To combat the problem, many companies are coming to rely on products that automate the process. The general consensus among IT managers who use these patch management tools is that they are well worth the investment—saving time, labor and money. But be warned: Patch management alone won’t provide a complete solution. Organizations need to combine automation with an effort to rein in the out-of-control computing environments that helped make patch deployment so complex in the first place, say IT managers and analysts.

Patch Wars

Patch deployments are often major endeavors, requiring companies to devote thousands of man-hours to manual fixes. Deploy the wrong patches, or fail to patch the right machines, and the resulting vulnerabilities can become major problems. (The SQL Slammer worm, for instance, took advantage of a flaw in Microsoft’s software that already had a patch.) A survey last year by Aberdeen Group showed that companies and government agencies worldwide are spending in excess of $2 billion annually to deal with patches. And Digex, a provider of managed Web and application hosting services, calculates the annual cost of manually managing patch deployment to be about $14,400 per server.
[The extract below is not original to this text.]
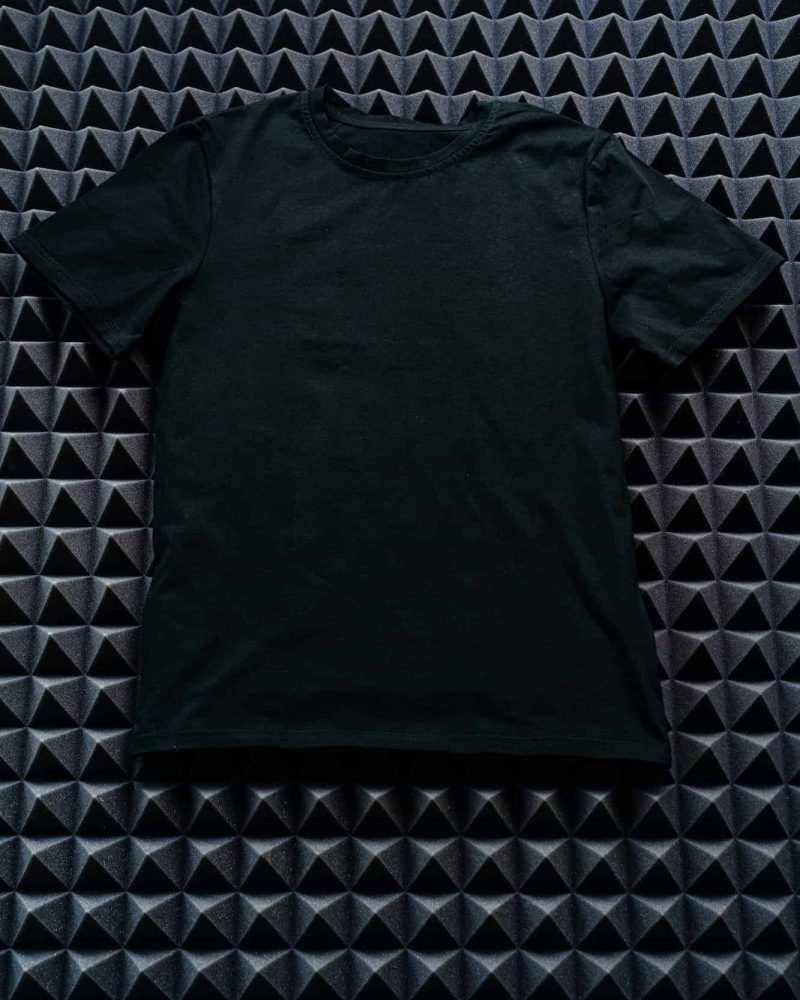 black-color-plain-t-shirt-on-textured-background.jpg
"[That cost is] extraordinary, and that’s just at the Microsoft level; other vendors have vulnerabilities as well," says Bobby Patrick, vice president of strategy at Digex. "It’s war out there to manage patches." And the situation is getting worse as companies get inundated with patch releases. (CERT, for example, reported 4,129 security vulnerabilities in 2002, nearly twice as many as in the previous year.)

"It’s like drinking from a fire hose," says Eric Hemmendinger, a research director at Aberdeen. Even when a company devotes people to patch deployments, "a lot of time has to be spent on this if you want to be diligent about it," he notes.

Patches are generally issued "in a way that’s convenient for the supplier but not necessarily for the user," Hemmendinger adds. "Supplier assessments as to whether patches are critical are judgments rendered in a vacuum; vendors don’t know what the customer is doing with their product."

Automation Opportunity

Some analysts say companies shouldn’t even consider applying patches manually. "It’s impossible. If you think about a company with thousands of desktops and hundreds of servers, manual processes don’t scale," says Gartner Research Director Mark Nicolett. "For each system, you have to look at what software is installed and understand which patches apply to that machine. It takes lots of analysis to figure out which one goes on which machine."